Phthorimaea involuta

Scientific classification
- Kingdom: Animalia
- Phylum: Arthropoda
- Class: Insecta
- Order: Lepidoptera
- Family: Gelechiidae
- Genus: Phthorimaea
- Species: P. involuta
- Binomial name: Phthorimaea involuta Meyrick, 1917

= Phthorimaea involuta =

- Authority: Meyrick, 1917

Species of moth

Phthorimaea involuta is a moth in the family Gelechiidae. It was described by Edward Meyrick in 1917. It is found in Guyana.

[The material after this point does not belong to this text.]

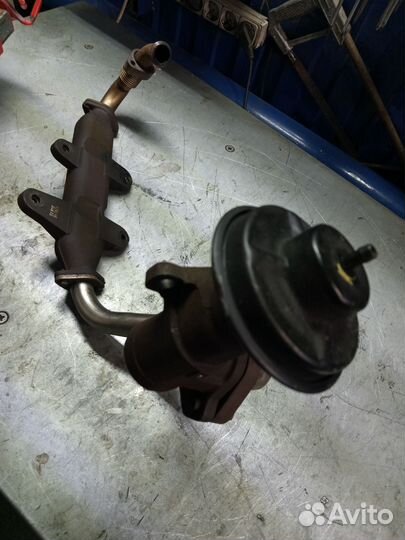 Егр Саненг рекстон 2,7 дизель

The wingspan is 9–11 mm. The forewings are grey whitish or whitish grey, irrorated (sprinkled) with black and with a narrow oblique blackish bar from the costa near the base and a broader one at one-third, both terminated by small yellow-ochreous spots on the fold edged beneath by black marks, the second spot representing the plical stigma. The discal stigmata are yellow ochreous, edged above and below by black spots, the first obliquely beyond the plical stigma, its margin separated by an ochreous mark from a small blackish spot on the costa above it, the margin of the second usually absorbed in a subquadrate blackish blotch on the costa above it, its lower margin sometimes forming a considerable spot. There is also a well-defined blackish apical blotch. The hindwings are dark grey, subhyaline (almost glass like) in the disc anteriorly and towards the dorsum.